Uribe, the son of an oligarch linked to drug trafficking, started his political career as mayor of Medellin, collaborating closely with one of the most famous drug traffickers in this city, Pablo Escobar. Few of those who have investigated the obscure recesses of the Colombian drug trafficking business believe that the sinister character of the political leader linked closely to Pablo Escobar and his businesses who appeared in the best seller "Amando and Pablo hate Escobar" under the name of Doctor Varito (Doctor Wand) and the current resident of the Casa de Nariño could be the same person. What isn't a deduction or a suspicion but a perfectly verifiable fact, is that Uribe appeared in a report written for the US Police Agency DEA in 1991 about 115 Colombian criminals implicated in the business of drug trafficking in Colombia. Criminal number 82, Álvaro Uribe Vélez, was then a promising politician well connected with high finance and with even better relations with the Medellin cartel. (4)

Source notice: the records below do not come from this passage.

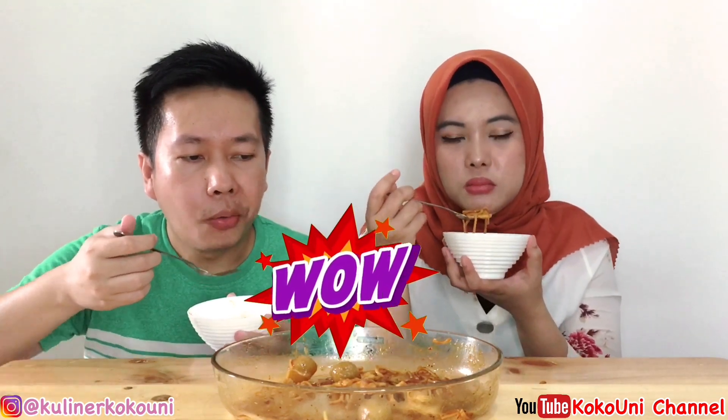Lebih enak pangsitnya diginiin, makan kuah-kuahnya ini, jadi gak terlalu keras. Karena mie-nya mie manis, jadi menurut kita mengenyangkan ya. Biasanya kita 4 bungkus porsinya, nah 2 bungkus udah kenyang. Coba kalau pedas mungkin lebih nampol. Harusnya lebih pedas lagi biar nampol. Mungkin kecapnya juga bisa kita kurangin, karena kita kan masukin full semua bumbunya, jadi manis.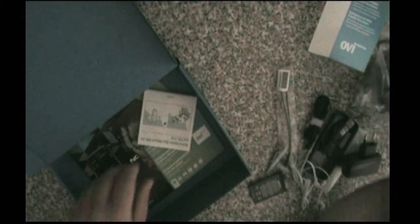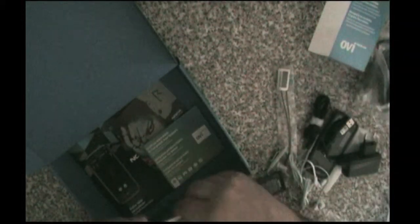And after that we have a couple of those — this looks actually fairly standard into the box, it's custom but it's relatively good. We have a car holder manual, a booklet saying how good Ovi Maps is, which I am going to test in the next weeks. We have a friendly user manual for the phone.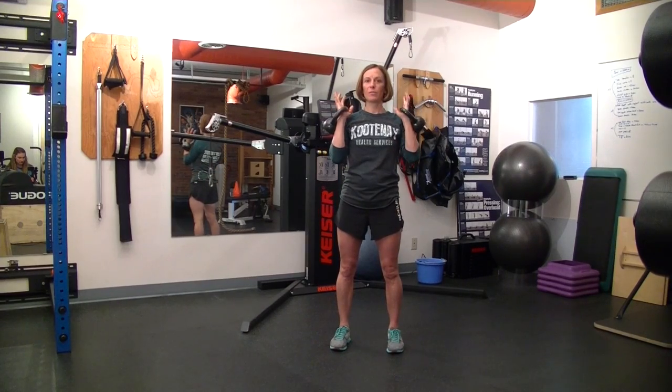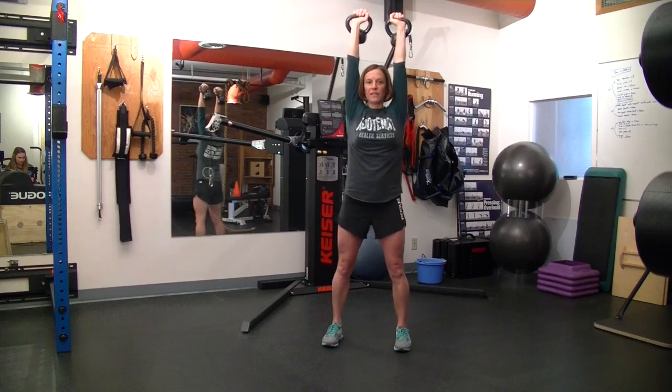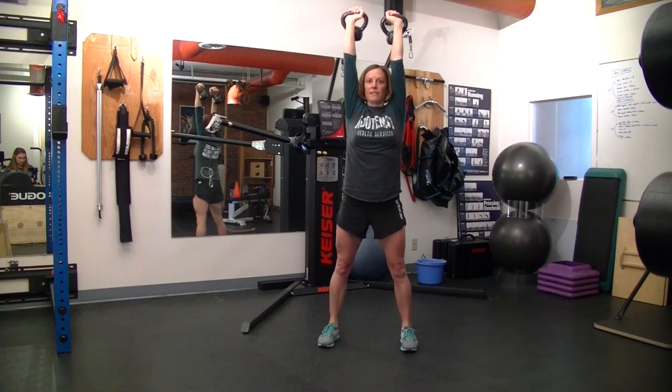We're going to rack those kettlebells to begin with and extend them overhead. Get those feet set up, shoulder width apart, ankle centered over my foot. And I'm going to come down into that squat position and stand.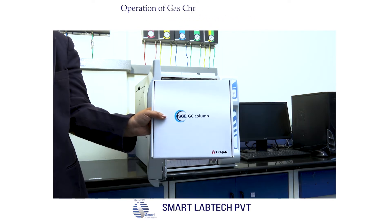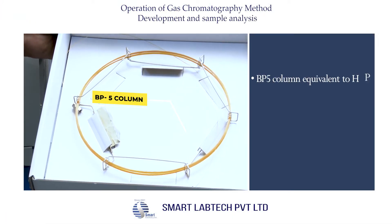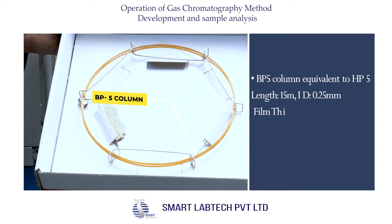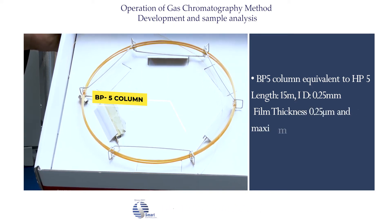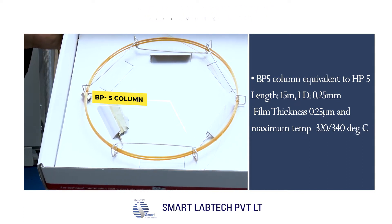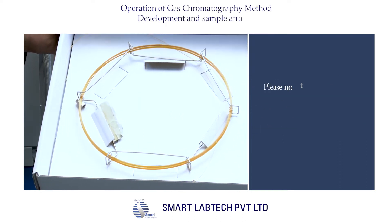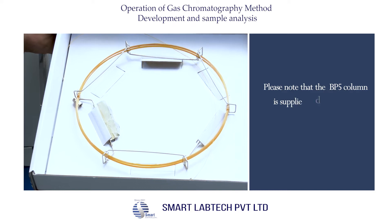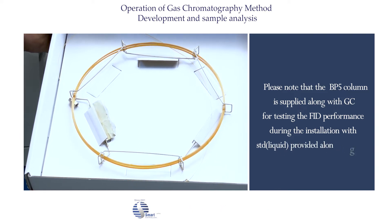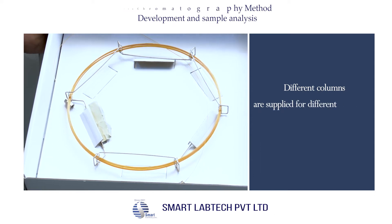Now I am going to show you the BP5 column. The BP5 column is equivalent to HP5. The length is 15 meters, the internal diameter is 0.25 millimeters, and the film temperature can range from 320°C to 340°C. Please note that the BP5 column is supplied along with the GC for testing FID performance during installation with the standard liquid provided. Different columns are supplied for different detectors.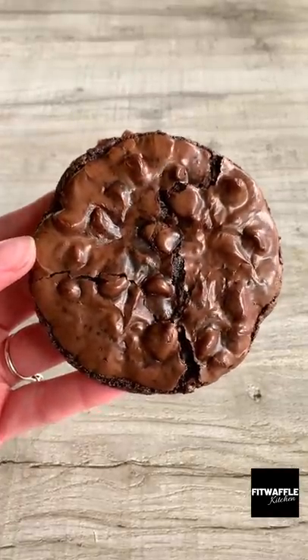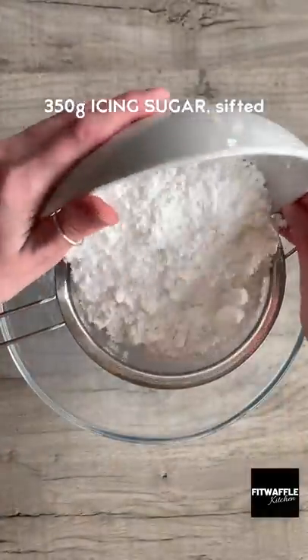Okay guys, these are the easiest, chewiest double chocolate cookies I've ever made and they're flourless.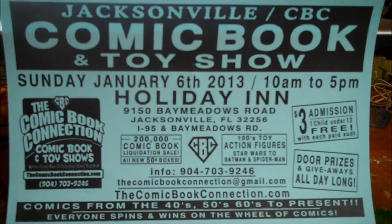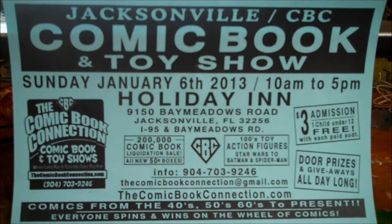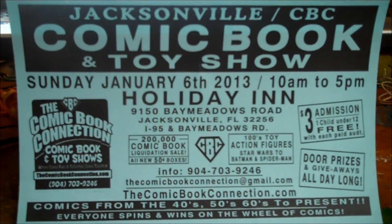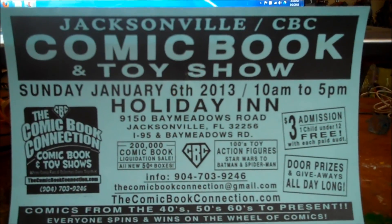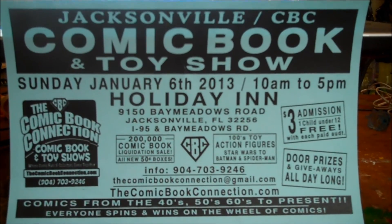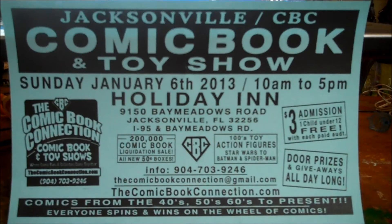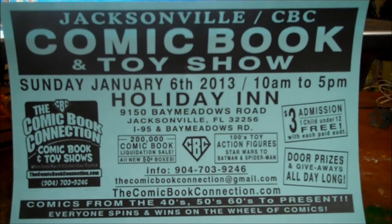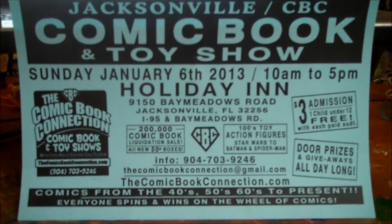One other thing I want to note is that with any luck I'll be going this weekend to the Jacksonville comic book and toy show. Hopefully there will be some good stuff — I've never really been to a toy show or comic show before. I have gone to some horror conventions with dealer rooms that had toys and stuff, but this will be a first for me, so hopefully there will be some cool things there. I'm looking forward to it.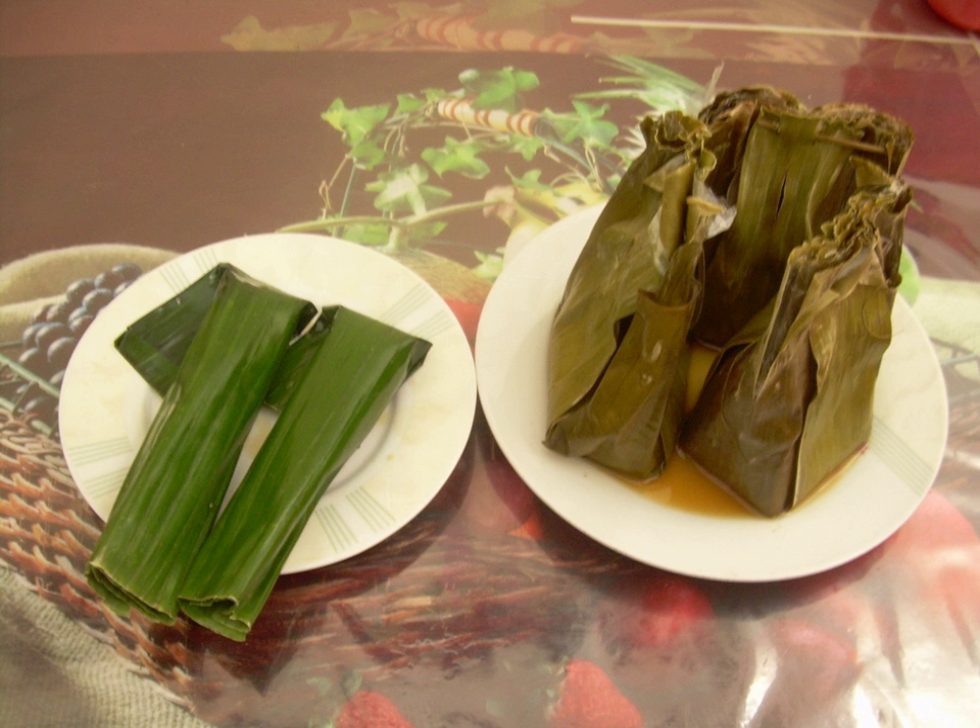The most basic Botok usually uses simple and cheaper ingredients, such as minced tempeh, tofu, or anchovy. After the Botok is cooked, the banana leaf package is opened and served with steamed rice. After perfectly cooked, the grated coconut and sometimes the egg addition act as the binding agent of the whole Botok ingredients.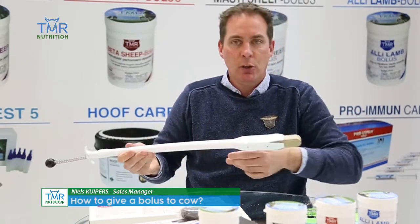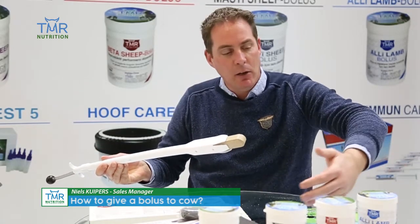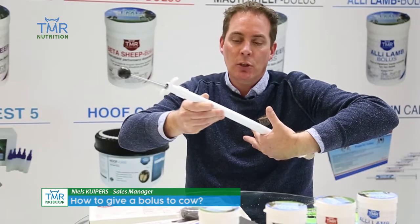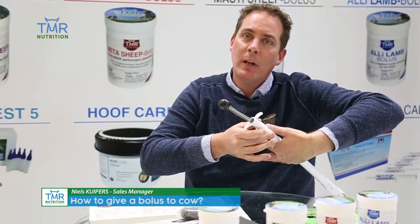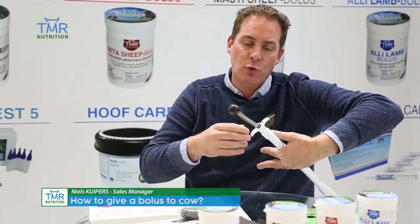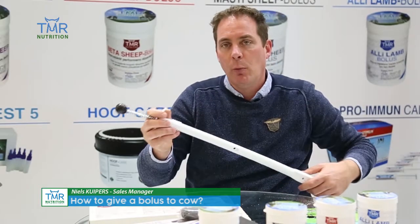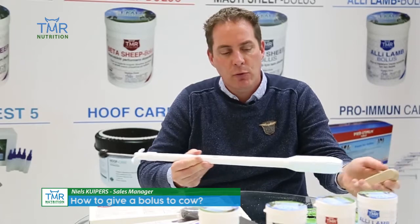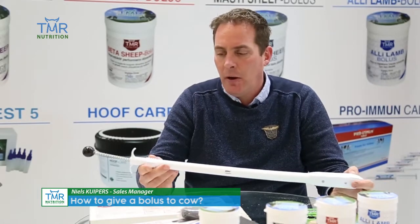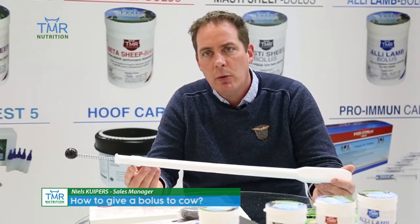When the cow is in the headlocks, you take the applicator underneath the mouth and put it in very slowly, giving the cow time to swallow. Then just push it and it will be safely placed in the rumen without any damage to the animal. This is a very fair and honest way of applying boluses to dairy cows.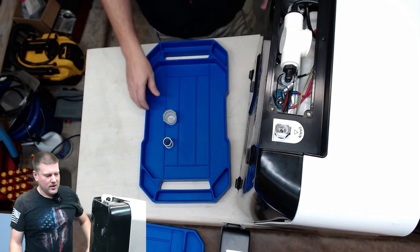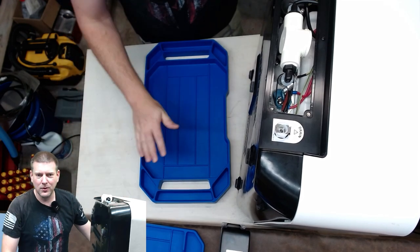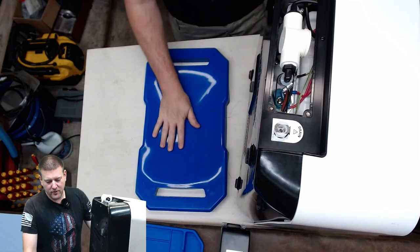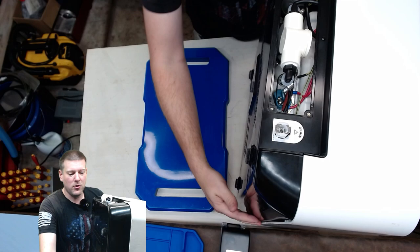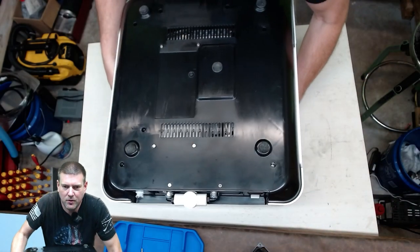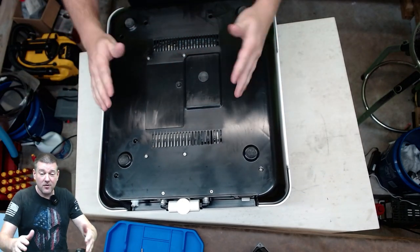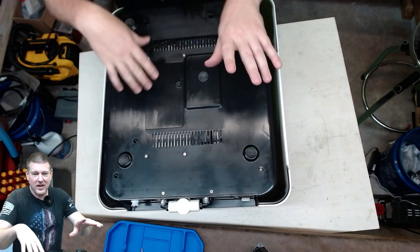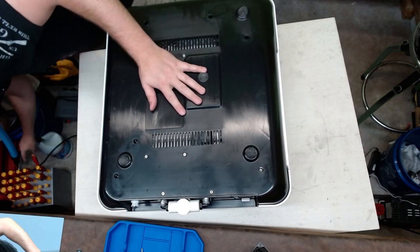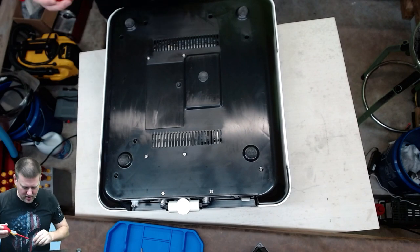We're going to invert it. Let's get the filter screen. Let's go ahead and flip this guy over. It's sitting over here, supported on the glass by that large silicone mat. Perfect. Love it when a plan comes together. Any of you kids from the 80s know exactly where that saying comes from. Since I've never taken one of these apart, I'm not using any power tools — because you never know what's going to happen.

Under Uribe's administration as director of Civil Aviation, Escobar and other drug traffickers were granted licences for aeroplanes that allowed them to transport huge quantities of drugs between different regions of Colombia and the rest of the world. The licences granted by Civil Aviation between 1952 and 1981 amounted to 2,339. In the 28 months during which Uribe led this department, they authorised 2,242 licences. Two hundred of these people were later proven to be connected to the Medellin cartel. (5)
Another notorious and widely known fact that one can find in the "democratic" curriculum of Álvaro Uribe Vélez is that during his time as Governor of Antioquia, he created the so called CONVIVIR (live together), a series of supposedly private security cooperatives financed and armed by the regional government, which were denounced by various human rights organisations. They were a cover for organising and legalising paramilitary fascists. CONVIVIR has been denounced for the harassment and assassination of thousands of trade unionists and peasant activists from the state of Antioquia, and for playing a key role in the creation of the AUC (United Self-Defence of Colombia), the group that was planning to unite all the paramilitary fascist groups under one command.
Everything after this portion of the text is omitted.